At 23 for eight, England threatened New Zealand’s most unwanted record of the lowest ever test score, 26, before they recovered to be all out for 58.
At 27 for nine, England’s lowest test innings of 45 – against Australia in 1887 – was also in jeopardy.
But Craig Overton lashed out at the end to finish unbeaten on 33 to lift England to their sixth lowest total in test cricket history.
Boult cleaned out the top order and had figures of five for nine after his first seven overs before finishing with six for 32.
His new-ball partner Tim Southee took four wickets for 25.
The pitch for the first day-night test in New Zealand has a slight green tinge, but not enough to concern the batsmen.
Instead they were undone by precision swing and seam bowling that started in the fifth over when Alastair Cook prodded at a full-length Boult delivery that moved away and was caught at second slip by Tom Latham for five.
It started a steady flow of batsmen going to and from the crease.
Captain Joe Root, batting at number three to allow for the inclusion of Overton as an extra bowler, lasted six balls before he was bowled by Boult for a duck.

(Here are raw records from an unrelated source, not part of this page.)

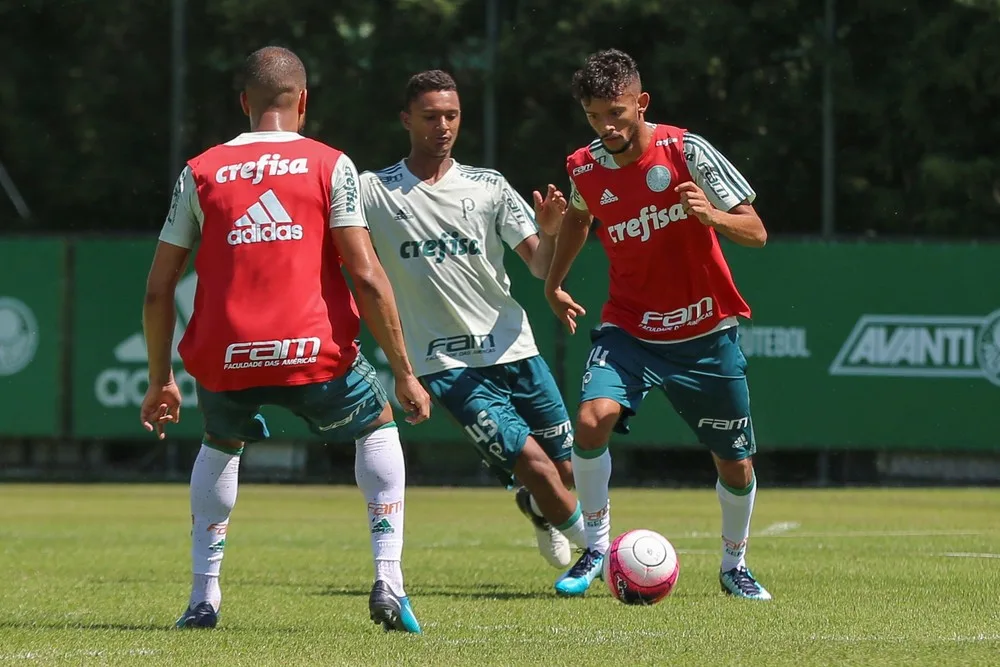 Palmeiras treina com Moisés e Scarpa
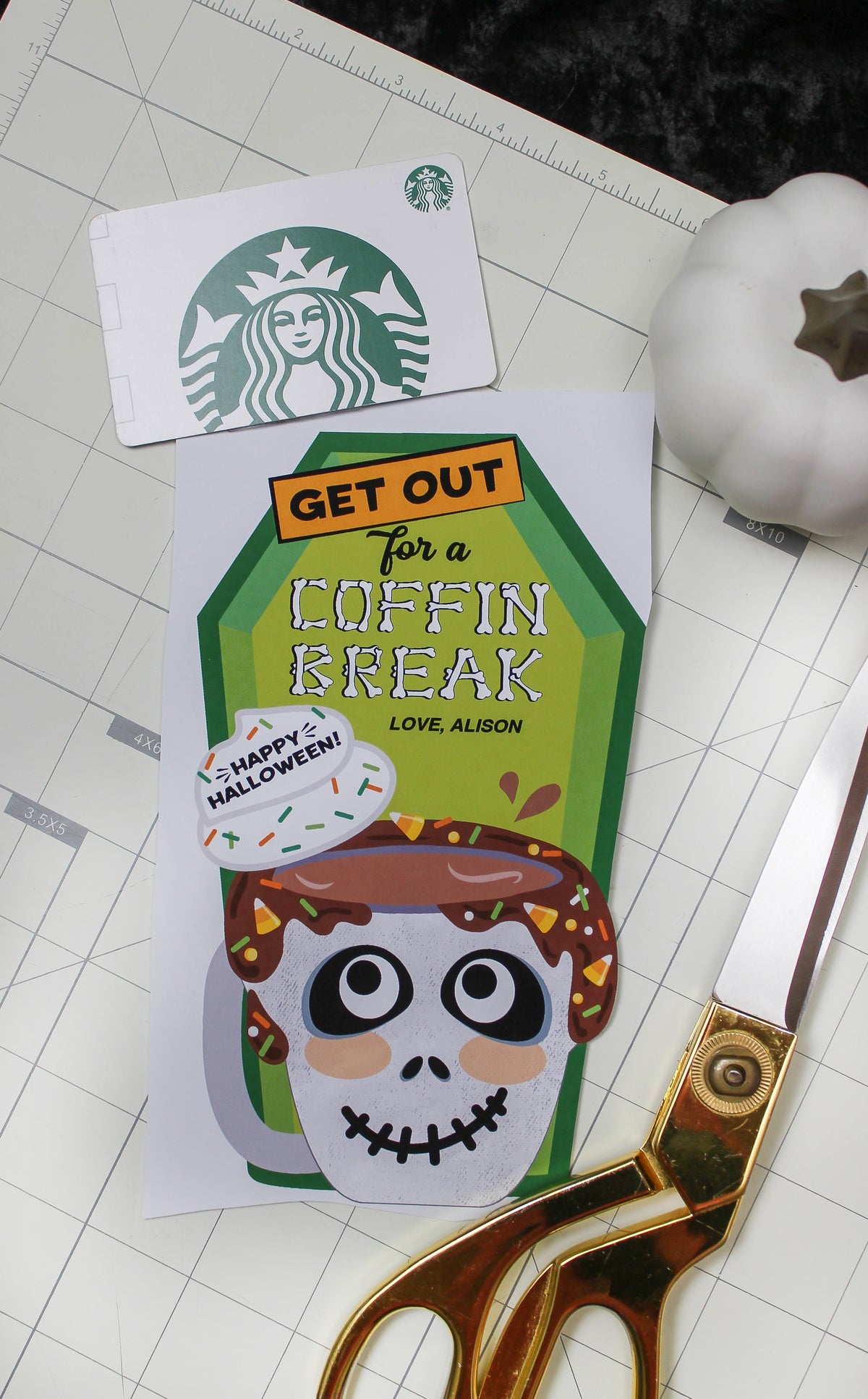 Coffin Break Halloween Coffee Gift Card Holder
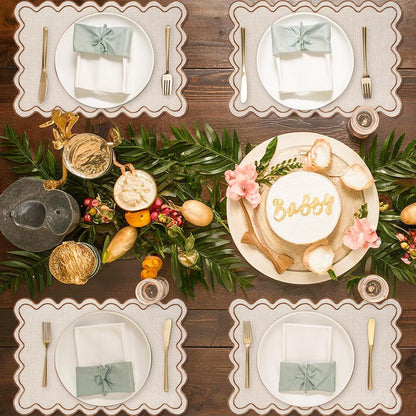 Beige Linen Placemats Embroidered Scalloped Kitchen Place Mats for Birthday Baby Shower Party Home Dining Table Decor, Set of 6, 13 X 19 In7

Boult also accounted for Dawid Malan for two, Ben Stokes – who faced eight deliveries on his return to test cricket – for a duck, Chris Woakes (5) and James Anderson (1).
Southee ensured the carnage continued with the wickets of Mark Stoneman when on 11, plus Jonny Bairstow, Moeen Ali and Stuart Broad who were each dismissed without scoring.
A masterclass from Kiwi bowlers Trent Boult and Tim Southee put a woeful England to the sword and if it wasn’t for bowler Craig Overton, it could have been far, far worse for the tourists.
The lowest test total in history was under threat for a while – New Zealand were bowled out for 26 by England at this ground in 1955 and they looked set to turn the tables until Overton, at number nine, came out swinging.